3. Kiss Cam discrimination. For the record, I’m not arguing against the stadium favorite (despite my preference for Bongo Cam) wherein a cameraperson zooms in on a couple, puts the pair on the JumboTron and the crowd peer-pressures them into kissing. What I do find strange is the selection of kiss-cam couples. The formula tends to work like this: Four or five straight couples end up on the screen (though the camera operators try to find one or two who are obviously not romantically involved and watch them squirm), and then two dudes (who are usually not gay, which usually draws some uncomfortably sneering encouragement from the crowd). Forgetting for a minute the implications of that, consider that the kiss cam never lands on two women, as if to say though the concept of two guys maybe kissing and maybe being gay is okay to ponder, we won’t even touch on the concept of lesbians (which, okay, might be a bit too much for your average Phillies/Iggles fan to handle maturely).

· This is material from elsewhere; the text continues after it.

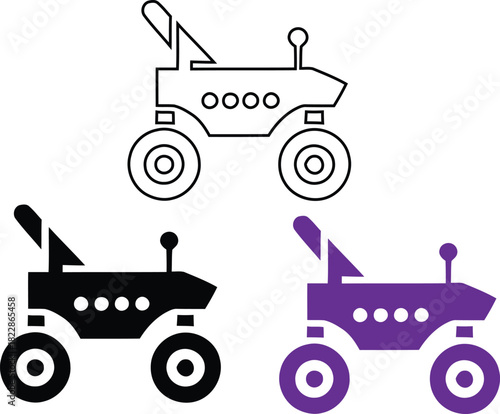 Three stylized rover icons in outline black and purple , rover, space, vehicle, exploration, science, technology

4. “Ladies’” and “Girls’” leagues. Kudos to the WNBA, the CWHL and all other women’s sports leagues that choose not to daintify or infantilize their players by using terms like “ladies,” “girls” or “lingere” in their names. And to perhaps the most progressive of sports organizations, gasp, NASCAR and other racing circuits that don’t shrink away from women and men competing against each other.

On the other hand, maybe I’ve got this all wrong. I am a dude after all. Are there other ways sports disrespect and talk down to women? Let me hear about it.